Но вдруг самая молодая, в ожерельице, попробовала перегнуться назад, как это делала ее подруга, и едва не потеряла равновесие…
Когда вернулись в контору, Воронихин небрежно-грубовато заметил:
— Неужели, черт возьми, нельзя было найти легкую работу для этой женщины?
Шишкин покраснел.
— А вы думаете, я не упрашивал ее? Сама не хочет, говорит, рано… С завтрашнего дня насильно переведу.
Воронихин хотел начать щекотливый разговор о деньгах, но Шишкин сам заговорил об этом:
— Мне рассказывал Михаил Васильевич, что женщины жаловались вчера… Ну что ж! — Он все больше краснел. — Сам Михаил Васильевич был болен в апреле, а я в денежных делах не силен. Какой из меня финансист!

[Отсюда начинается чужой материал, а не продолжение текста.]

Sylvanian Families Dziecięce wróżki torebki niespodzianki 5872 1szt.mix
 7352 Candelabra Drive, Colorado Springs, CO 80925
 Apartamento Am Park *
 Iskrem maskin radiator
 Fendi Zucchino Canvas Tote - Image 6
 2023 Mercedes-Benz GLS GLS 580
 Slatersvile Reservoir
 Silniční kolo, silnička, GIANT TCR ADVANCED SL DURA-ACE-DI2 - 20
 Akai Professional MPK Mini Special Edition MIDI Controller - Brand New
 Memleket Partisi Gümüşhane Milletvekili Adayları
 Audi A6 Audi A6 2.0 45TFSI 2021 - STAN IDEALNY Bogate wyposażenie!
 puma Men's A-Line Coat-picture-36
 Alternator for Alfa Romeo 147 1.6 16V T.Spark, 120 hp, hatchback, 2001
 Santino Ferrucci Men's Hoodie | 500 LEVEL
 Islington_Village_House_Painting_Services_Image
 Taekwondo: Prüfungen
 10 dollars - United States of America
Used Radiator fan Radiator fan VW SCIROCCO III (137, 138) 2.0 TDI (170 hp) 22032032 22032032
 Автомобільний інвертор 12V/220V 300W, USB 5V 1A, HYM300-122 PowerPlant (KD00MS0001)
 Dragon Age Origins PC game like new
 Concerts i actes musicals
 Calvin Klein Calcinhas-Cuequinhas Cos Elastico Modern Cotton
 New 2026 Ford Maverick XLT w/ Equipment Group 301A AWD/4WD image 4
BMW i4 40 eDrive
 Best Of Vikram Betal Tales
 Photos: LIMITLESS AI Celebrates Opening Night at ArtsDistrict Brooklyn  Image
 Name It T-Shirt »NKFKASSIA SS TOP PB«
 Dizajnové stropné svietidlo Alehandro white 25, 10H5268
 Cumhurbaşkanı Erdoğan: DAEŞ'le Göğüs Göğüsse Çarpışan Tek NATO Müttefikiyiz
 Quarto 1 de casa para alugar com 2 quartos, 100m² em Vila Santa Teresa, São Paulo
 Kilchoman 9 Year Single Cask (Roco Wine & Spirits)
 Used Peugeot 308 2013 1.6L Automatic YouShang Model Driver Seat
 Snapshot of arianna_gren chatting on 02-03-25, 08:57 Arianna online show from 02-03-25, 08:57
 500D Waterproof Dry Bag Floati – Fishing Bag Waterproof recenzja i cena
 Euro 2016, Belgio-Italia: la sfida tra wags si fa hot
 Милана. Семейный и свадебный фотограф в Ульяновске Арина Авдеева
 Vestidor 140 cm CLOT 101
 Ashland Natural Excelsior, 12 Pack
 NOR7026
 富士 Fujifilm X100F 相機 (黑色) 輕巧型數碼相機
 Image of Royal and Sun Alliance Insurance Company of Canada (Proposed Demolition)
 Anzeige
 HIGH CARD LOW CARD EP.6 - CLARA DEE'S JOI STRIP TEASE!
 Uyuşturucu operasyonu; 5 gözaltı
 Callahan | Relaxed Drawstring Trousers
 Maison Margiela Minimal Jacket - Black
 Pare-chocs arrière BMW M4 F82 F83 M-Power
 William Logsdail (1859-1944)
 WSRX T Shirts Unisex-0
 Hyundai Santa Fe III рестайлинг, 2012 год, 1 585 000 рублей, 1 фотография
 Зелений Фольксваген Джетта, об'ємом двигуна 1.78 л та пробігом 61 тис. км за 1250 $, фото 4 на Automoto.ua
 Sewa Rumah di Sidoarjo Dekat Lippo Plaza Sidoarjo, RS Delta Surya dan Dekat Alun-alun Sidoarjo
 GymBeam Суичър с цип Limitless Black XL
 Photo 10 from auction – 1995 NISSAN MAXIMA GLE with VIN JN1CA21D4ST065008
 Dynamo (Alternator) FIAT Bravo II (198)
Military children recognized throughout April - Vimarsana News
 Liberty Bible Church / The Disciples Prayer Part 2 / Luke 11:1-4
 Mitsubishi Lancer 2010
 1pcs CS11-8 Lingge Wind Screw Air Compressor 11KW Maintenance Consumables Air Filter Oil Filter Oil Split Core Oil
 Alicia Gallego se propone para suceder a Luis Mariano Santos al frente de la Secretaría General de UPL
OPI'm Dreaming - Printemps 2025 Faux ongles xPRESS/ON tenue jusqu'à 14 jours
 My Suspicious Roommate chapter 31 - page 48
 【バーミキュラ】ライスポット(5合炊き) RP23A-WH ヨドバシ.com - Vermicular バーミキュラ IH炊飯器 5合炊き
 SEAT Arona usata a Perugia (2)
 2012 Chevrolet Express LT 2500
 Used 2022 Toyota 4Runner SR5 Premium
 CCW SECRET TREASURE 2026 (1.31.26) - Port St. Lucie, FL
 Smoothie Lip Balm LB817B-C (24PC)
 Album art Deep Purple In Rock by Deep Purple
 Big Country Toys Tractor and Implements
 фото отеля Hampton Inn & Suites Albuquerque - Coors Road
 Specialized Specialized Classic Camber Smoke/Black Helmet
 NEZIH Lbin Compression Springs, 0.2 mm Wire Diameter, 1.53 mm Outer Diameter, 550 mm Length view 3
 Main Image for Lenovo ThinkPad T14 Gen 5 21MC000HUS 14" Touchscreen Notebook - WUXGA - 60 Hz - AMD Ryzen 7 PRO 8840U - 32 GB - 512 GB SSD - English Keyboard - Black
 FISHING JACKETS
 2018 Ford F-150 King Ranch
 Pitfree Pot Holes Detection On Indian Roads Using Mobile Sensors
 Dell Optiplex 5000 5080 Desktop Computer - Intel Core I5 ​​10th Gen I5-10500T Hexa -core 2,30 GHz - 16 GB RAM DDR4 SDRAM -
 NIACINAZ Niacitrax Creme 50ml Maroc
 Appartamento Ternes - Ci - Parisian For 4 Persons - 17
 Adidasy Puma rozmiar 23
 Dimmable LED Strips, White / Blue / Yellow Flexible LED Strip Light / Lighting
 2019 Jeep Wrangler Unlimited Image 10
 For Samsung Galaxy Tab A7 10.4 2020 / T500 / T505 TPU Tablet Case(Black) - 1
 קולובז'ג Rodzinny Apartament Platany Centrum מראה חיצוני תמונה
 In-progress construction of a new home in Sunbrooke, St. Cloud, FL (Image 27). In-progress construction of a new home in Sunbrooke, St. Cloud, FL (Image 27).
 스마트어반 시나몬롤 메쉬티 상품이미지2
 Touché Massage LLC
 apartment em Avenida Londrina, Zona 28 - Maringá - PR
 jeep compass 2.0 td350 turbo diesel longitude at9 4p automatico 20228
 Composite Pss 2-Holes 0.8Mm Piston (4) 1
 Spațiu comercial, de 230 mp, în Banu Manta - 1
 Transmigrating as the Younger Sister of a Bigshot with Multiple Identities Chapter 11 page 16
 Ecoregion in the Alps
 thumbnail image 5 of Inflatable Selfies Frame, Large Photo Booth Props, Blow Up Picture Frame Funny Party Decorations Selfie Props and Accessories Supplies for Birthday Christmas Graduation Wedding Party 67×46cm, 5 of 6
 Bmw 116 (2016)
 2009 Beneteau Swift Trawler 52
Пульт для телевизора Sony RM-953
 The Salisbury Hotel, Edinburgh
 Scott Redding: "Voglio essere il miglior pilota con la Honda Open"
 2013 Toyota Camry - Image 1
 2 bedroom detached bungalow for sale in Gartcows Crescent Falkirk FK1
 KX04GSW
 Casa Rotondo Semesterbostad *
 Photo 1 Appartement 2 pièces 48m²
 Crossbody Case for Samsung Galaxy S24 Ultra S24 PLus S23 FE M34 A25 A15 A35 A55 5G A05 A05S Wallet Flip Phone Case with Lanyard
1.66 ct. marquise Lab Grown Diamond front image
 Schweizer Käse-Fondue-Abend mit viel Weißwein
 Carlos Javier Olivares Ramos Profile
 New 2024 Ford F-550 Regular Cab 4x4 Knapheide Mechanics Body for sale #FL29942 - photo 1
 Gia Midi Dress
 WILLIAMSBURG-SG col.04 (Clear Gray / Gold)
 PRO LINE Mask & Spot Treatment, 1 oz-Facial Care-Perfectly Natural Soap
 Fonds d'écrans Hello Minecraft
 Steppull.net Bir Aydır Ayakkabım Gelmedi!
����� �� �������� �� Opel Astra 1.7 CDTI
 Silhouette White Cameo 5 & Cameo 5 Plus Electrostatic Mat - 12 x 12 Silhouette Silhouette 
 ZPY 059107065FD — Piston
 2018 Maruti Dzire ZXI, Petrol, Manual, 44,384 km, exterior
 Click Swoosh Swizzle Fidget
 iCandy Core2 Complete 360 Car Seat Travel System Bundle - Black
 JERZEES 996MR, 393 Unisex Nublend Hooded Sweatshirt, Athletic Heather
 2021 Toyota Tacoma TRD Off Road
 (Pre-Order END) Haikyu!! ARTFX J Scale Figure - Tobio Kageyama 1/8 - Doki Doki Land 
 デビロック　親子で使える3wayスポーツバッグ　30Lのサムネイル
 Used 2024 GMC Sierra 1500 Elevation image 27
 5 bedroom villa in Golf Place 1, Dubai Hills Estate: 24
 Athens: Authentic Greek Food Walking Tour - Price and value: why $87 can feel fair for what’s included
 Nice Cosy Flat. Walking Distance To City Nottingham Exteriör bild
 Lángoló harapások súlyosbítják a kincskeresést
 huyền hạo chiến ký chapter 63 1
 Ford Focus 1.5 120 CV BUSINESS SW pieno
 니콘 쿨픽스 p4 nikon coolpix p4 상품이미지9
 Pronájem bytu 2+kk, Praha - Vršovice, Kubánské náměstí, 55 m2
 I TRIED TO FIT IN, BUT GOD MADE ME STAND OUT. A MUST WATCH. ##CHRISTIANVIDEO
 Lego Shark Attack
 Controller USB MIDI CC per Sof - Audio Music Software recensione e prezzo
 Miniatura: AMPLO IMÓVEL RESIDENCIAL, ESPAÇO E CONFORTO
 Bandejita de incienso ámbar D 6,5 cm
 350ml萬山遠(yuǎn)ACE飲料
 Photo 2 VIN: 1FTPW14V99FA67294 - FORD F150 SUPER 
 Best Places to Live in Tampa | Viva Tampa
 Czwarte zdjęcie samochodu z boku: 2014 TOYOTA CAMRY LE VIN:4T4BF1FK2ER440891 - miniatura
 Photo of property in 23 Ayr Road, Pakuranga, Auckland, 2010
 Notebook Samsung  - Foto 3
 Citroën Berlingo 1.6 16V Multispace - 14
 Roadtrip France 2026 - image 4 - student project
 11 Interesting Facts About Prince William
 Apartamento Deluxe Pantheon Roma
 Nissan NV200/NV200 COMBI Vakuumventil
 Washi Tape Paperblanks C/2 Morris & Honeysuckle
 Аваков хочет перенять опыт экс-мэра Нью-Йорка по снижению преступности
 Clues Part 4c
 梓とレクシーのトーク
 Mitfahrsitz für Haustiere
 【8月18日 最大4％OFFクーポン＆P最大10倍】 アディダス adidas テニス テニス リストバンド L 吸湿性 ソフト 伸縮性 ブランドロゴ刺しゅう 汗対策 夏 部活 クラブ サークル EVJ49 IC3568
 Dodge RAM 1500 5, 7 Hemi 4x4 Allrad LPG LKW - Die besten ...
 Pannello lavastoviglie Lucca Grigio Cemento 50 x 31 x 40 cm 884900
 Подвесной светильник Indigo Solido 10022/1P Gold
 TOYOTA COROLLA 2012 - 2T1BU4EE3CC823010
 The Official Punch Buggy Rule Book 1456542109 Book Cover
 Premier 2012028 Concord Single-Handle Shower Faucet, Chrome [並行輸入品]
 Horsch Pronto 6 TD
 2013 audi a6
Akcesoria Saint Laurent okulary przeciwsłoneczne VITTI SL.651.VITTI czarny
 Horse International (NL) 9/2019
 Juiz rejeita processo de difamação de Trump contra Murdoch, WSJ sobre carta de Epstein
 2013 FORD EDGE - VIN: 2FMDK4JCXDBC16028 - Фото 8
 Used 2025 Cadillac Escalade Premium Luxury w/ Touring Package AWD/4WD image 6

— Покажите мне наряды за март и апрель, — попросил Воронихин, — и вообще, если можно, всю документацию.
После полуторачасового изучения нарядов Воронихин установил, что женщинам заплатили в апреле, из расчета на один день, меньше на рубль восемьдесят пять или девяносто (надо уточнить) копеек. Шишкин с пылающими от смущения щеками пообещал, что этот долг будет возвращен в начале июня…
Потом было решено спуститься в подвал: Королев хотел, чтобы Воронихин посоветовал, как лучше утихомирить подпочвенную воду, которая выступала в одном месте.
Подвал не освещался; старый мастер зажег фонарь.
Бежали минуты…
Воронихин и его новые товарищи вышли под вечереющее небо. Пора было уезжать.
— Где же ваша машина?! — воскликнул Шишкин.
— Я поеду автобусом…
В это время из-за угла выплыла, тяжело шатаясь на ухабах, трехтонка.
— Матвеич! — обратился Шишкин к шоферу тем фамильярно-униженным тоном, каким молодые, не очень уверенные в себе руководители говорят с острыми на язык рабочими. — Матвеич, возьми, пожалуйста, товарища в Москву.
Рядом с шофером сидела женщина. Она хотела было выйти, чтобы уступить место Воронихину, но он закричал: «Не выходите!», забрался в кузов и уже оттуда, нагнувшись на опасном ухабе, помахал рукой Шишкину и Королеву.
Когда выехали на ровную дорогу, он расположился хорошо, даже с комфортом: подмял под себя валявшуюся в углу охапку сена. В нем запутался нежный матовый осколок — должно быть, сегодня перевозили ящики с абажурами…
Воронихин полулежал лицом на запад и видел закат. Солнце садилось в оранжевом дыму. Чуть выше, в подкрашенной этим дымом синеве, неслышно шли облака: вишневые, пепельные с розоватым отливом, янтарно-белые и черные, точно сажа.
Эти облака чем-то — не то формой, не то игрой тонов, а может быть, ни с того ни с сего — напомнили Воронихину торопливые, небрежные мазки на сучковатой фанере…
Но перед ним было небо, огромное, переливчатое, окрашенное оранжевым дымом заходящего солнца.